Knox City Council Approves Funding for Main Street Effort, Holiday Decorations

Efforts to get a Main Street designation for Downtown Knox recently got a financial boost from the city. The city council has agreed to provide $5,000 to Knox Main Street United from the city’s Riverboat Fund.

But Mayor Dennis Estok noted that a major potential funding source is currently unavailable. He initially asked the redevelopment commission to provide the money, but then realized that its project plan doesn’t currently allow it. “We would have to amend that plan, and declaratory resolution we’d have to do, public hearing we’d have to do, run it through the planning commission and all that,” Estok explained. “It’s going to take time to do that.”

He said that will have to happen eventually, especially if Knox Main Street United becomes eligible for larger façade grants and needs a local match. “Unless you guys can get the storefront owners to come up with that, which good luck, and if we have to go to the city, that is what the redevelopment commission is about,” Estok added.

For now, the $5,000 is designed to be seed money, to help get Knox Main Street United established as a nonprofit organization. That could include things like insurance and office supplies, as well as funding support for events designed to promote the downtown and registration for April’s Main Street conference. The group is also starting to get financial and in-kind donations from the private sector.

Meanwhile, the city council also agreed to match the redevelopment commission’s $6,000 contribution for holiday decorations, using a combination of Riverboat and Economic Development Income Tax revenues.
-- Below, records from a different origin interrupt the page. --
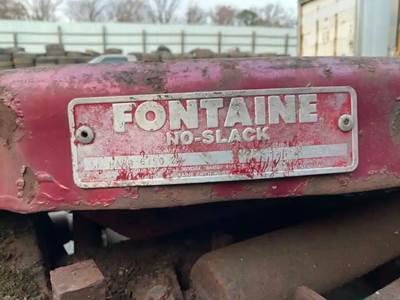 Fontaine AIR SLIDE Fifth Wheel for a 1993 Ford LTLA9000 AERO MAX 120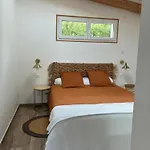 Petite Maison Avec Terrasse. Holiday home *
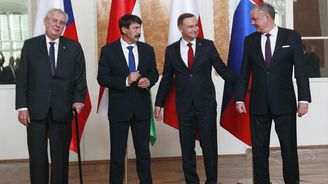 V4 je v migrační krizi moudřejší než zbytek EU, prohlásil při setkání prezidentů Zeman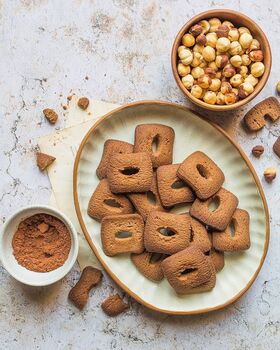 Biscuits au CACAO en forme de carré BIO sans gluten sans lait sans soja sans arachide sans sucre Sarchio : 200 grammes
Estok said the $12,000 would get the city about eight more pieces for the Wythogan Park area. “We kind of do want to make that, when people come in and even when we have our Peppermint Parade and the Santa Claus down there and all of that, that we have a lot of the stand-ups, where people can go and the kids because they’re fascinated by all that,” Estok said. “So we kind of want to make that like a showcase for the kids and all of that.”

He noted that decorations are expensive, but buying a few every year has been adding up to make a big impact.